END; This block changes the Likelihood Settings (Lset), by setting the base frequencies at equilibrium (Base), the number of substitution types (Nst), the rate matrix of instantaneous substitution rates (Rmat), the among site rate variation (Rates), the shape of the gamma distribution (Shape), and the proportion of invariant sites (Pinvar). 2. Copy the PAUP block from the text file. Edit your Nexus file in PAUP* (or a text editor) and paste the PAUP block from Modeltest directly into it. It can go after any END; statement. 3. Execute the newly-edited sequence file in PAUP* again. 4. Set the search criterion to maximum likelihood: set criterion = likelihood; 5. Then do a heuristic search hs; Fit the Parameter Values Along with Finding the Tree It is also possible for PAUP* to search for the parameter values at the same time as it searches for the best tree using the model - but not the parameter values- chosen by Modeltest.
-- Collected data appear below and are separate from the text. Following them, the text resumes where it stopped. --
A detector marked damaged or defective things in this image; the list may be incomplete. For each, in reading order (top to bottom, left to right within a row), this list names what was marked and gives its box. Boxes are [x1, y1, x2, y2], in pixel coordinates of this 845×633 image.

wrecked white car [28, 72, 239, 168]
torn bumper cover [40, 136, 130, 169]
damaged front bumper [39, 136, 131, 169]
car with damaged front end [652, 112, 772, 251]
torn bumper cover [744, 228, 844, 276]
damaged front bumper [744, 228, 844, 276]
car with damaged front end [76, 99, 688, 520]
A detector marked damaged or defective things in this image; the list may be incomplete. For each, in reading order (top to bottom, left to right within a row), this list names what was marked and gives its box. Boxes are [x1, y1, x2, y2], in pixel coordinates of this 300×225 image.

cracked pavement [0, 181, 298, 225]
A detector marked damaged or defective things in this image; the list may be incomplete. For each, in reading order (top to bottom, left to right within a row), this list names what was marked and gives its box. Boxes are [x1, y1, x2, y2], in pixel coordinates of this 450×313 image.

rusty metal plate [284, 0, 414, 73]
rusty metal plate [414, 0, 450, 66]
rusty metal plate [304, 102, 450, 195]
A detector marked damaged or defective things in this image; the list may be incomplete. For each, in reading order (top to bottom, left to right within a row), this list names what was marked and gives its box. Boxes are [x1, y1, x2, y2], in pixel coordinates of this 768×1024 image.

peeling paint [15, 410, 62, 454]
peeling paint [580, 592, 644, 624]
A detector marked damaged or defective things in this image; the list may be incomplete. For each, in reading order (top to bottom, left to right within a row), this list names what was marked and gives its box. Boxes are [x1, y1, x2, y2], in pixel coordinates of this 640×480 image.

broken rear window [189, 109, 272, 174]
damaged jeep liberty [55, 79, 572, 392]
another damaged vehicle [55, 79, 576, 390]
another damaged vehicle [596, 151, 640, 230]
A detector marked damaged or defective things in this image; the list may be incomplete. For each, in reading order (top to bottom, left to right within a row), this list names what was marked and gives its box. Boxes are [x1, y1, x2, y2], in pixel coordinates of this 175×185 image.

The following Lset command will require PAUP to estimate the base frequencies, rate matrix, shape of the gamma distribution, and proportion of invariant sites: Lset Base=estimate Nst=6 Rmat=estimate Rates=gamma Shape=estimate Pinvar=estimate; If you ran this, are you still waiting? Yeah this takes way too long. Just stop it. Why do you think it takes so much longer? If you did let it finish would the best tree have a higher or lower likelihood than with the fixed parameter values? What are the advantages of each method? If you try to estimate all of these at once, it will take an extremely long time (it is even possible, with this much uncertainty, that the search will never converge and go on forever.) If you want to try this, it is probably better to try just one or two parameters at a time. It will still probably take a while. Likelihood searches are pretty slow.